---------- GIVEN INFORMATION ----------
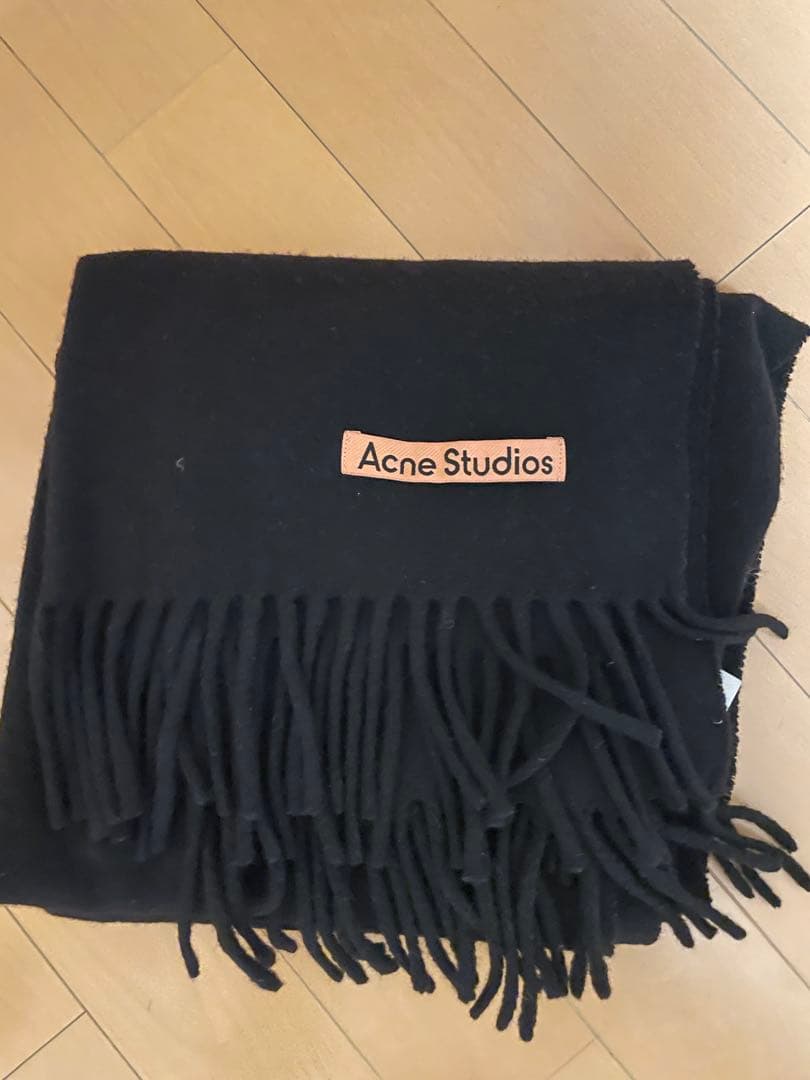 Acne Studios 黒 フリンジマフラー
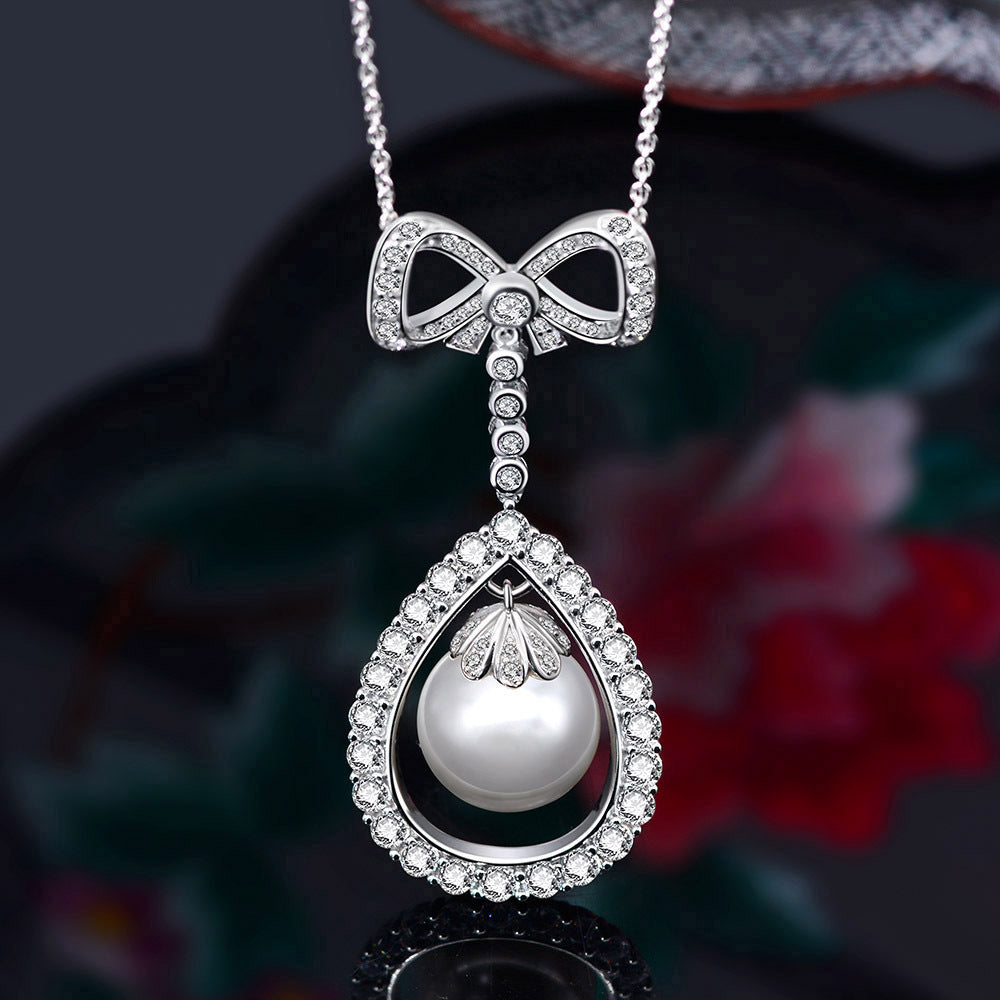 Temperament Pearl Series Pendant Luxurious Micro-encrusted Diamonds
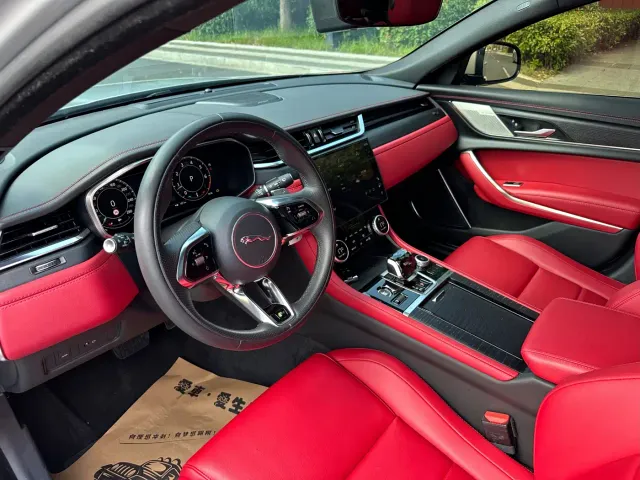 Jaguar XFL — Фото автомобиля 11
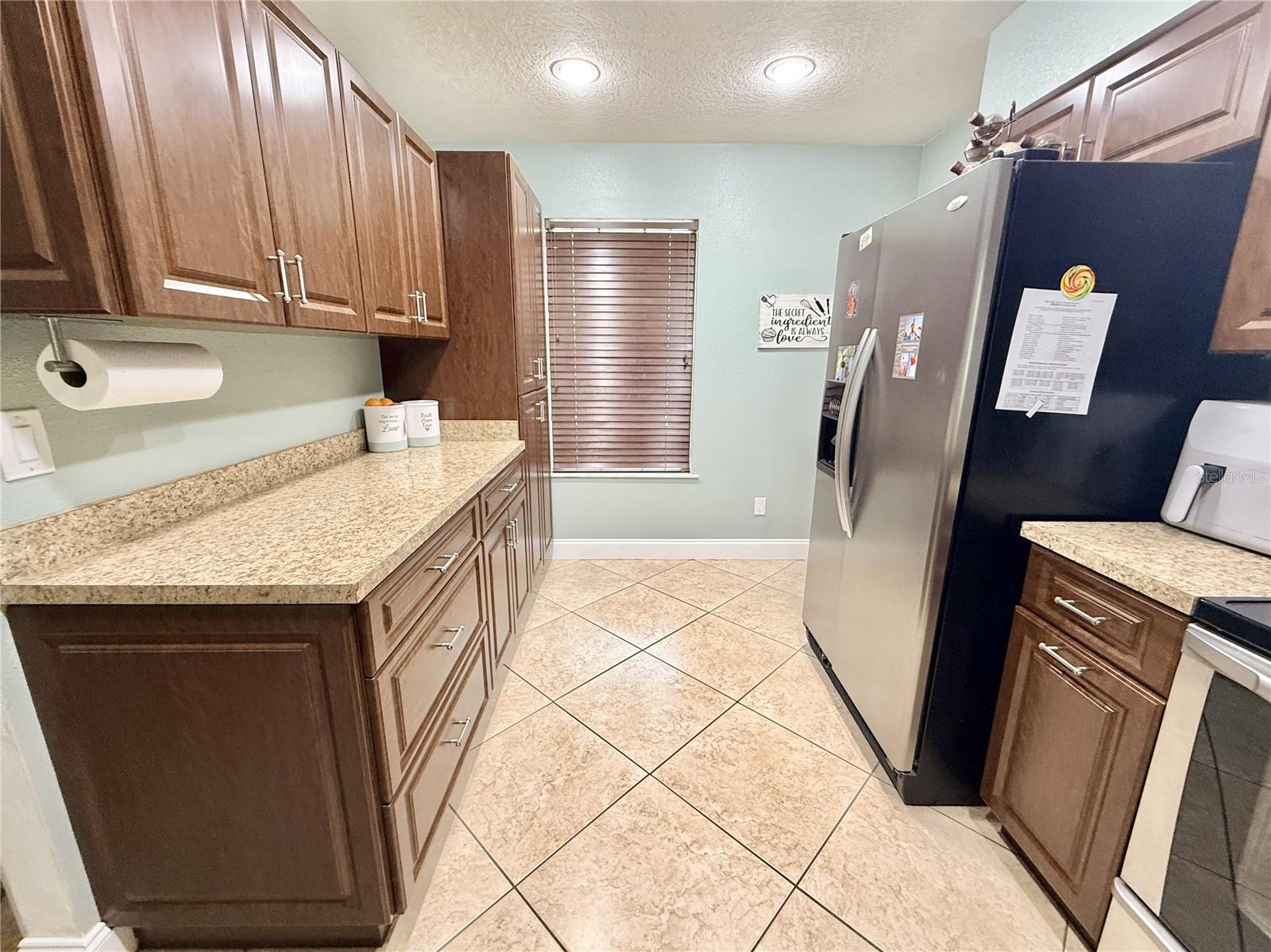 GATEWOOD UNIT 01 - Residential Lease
----------
(ACTION ITEM) Skip the images and set down the rest of the data unchanged.

(SOLUTION TO THE PROBLEM)
 Acne Studios 黒 フリンジマフラー
 Temperament Pearl Series Pendant Luxurious Micro-encrusted Diamonds
 Jaguar XFL — Фото автомобиля 11
 GATEWOOD UNIT 01 - Residential Lease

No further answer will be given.